INSTRUCTIONS FOR THE TASK
Your copy should contain exactly the lines from the one that holds "Chateau De Chambord" through the end of the material, reproduced as written, with no pictures.

DATA PROVIDED

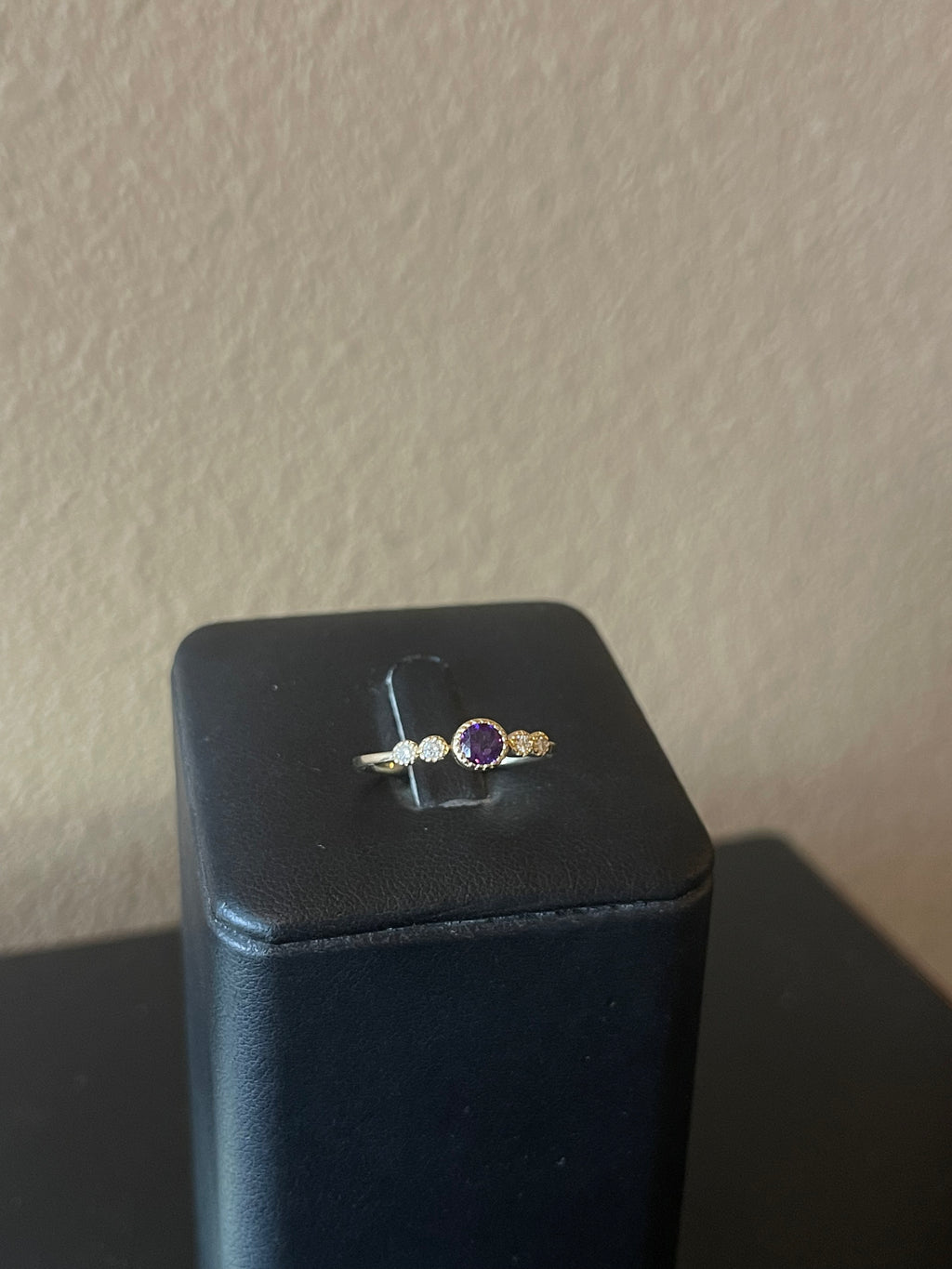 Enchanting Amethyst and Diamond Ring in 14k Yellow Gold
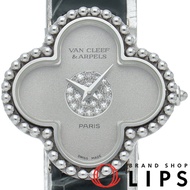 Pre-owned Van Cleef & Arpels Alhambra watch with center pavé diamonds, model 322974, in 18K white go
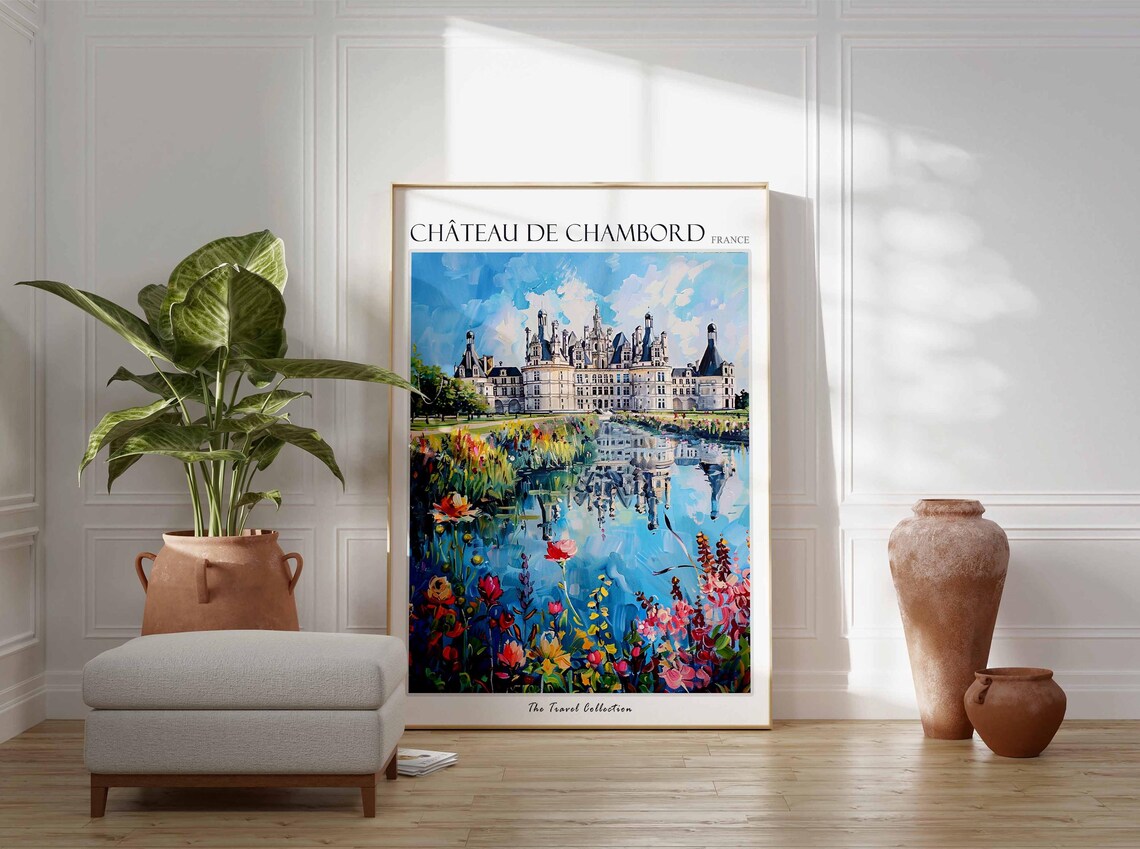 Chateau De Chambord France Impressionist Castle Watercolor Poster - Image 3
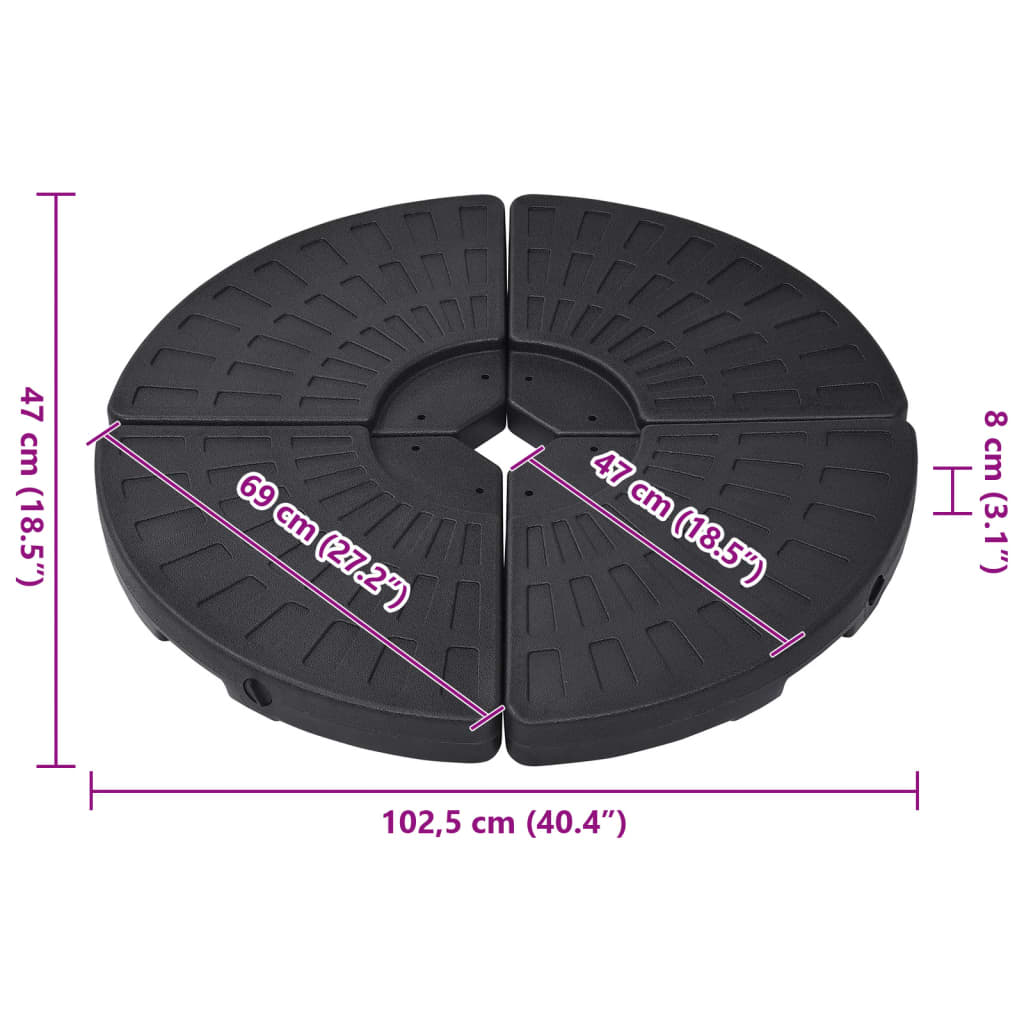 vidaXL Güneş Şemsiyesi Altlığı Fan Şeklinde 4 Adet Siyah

EXERCISE ANSWER
 Chateau De Chambord France Impressionist Castle Watercolor Poster - Image 3
 vidaXL Güneş Şemsiyesi Altlığı Fan Şeklinde 4 Adet Siyah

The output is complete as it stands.